July 21, 2010
Scalia writes for what some have called the big business wing of the court, that if you signed an unfair arbitration agreement and therefore claim it is unenforceable, you still cannot go to court — the arbitrator gets to decide if it was unfair.
The main question involved is whether one is able to go to court to determine if an arbitration agreement could be set aside because it was legally unconscionable.

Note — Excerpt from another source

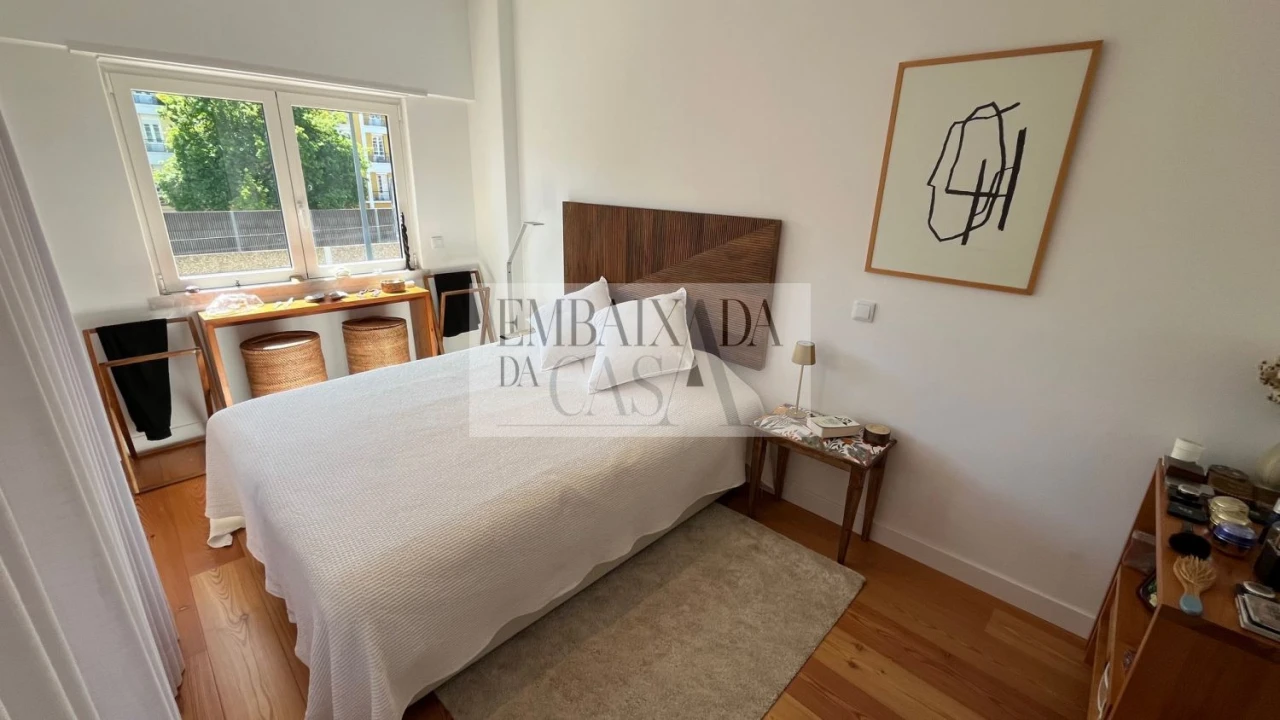 Apartamento T2 para Venda em Alvalade Foto 19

The Supreme Court said if the agreement says the arbitrator is to determine if the agreement is enforceable, then under the Federal Arbitration Act (“FAA”), the arbitrator will make that decision and you cannot go to court. Justice Scalia wrote for the 5 justices that prevailed saying if the challenge was just to a particular part of the agreement rather than the whole, then a court could decide. So if one claimed just part of the agreement was unenforceable a court could decide, but if you claimed the whole agreement was unenforceable the arbitrator got to decide? Interesting!

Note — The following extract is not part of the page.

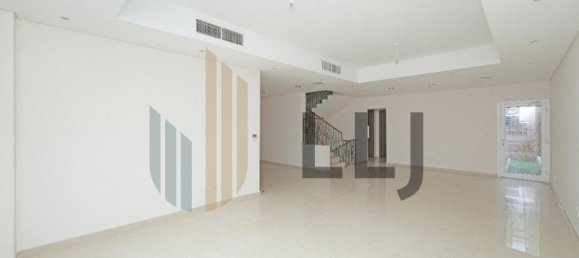 4 bedrooms Villa in Abu Dhabi, UAE No. 56968 11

Justice John Paul Stevens, writing for what some have called the “people’s side of the court” dissented and criticized the majority for adopting a position not proposed by either party during briefing or oral arguments. From a legal standpoint it is nearly unheard of for the court to make a decision on an issue or facts not raised by either side. Justices Ruth Bader Ginsburg, Stephen G. Breyer, and Sonia Sotomayor, joined in the dissent.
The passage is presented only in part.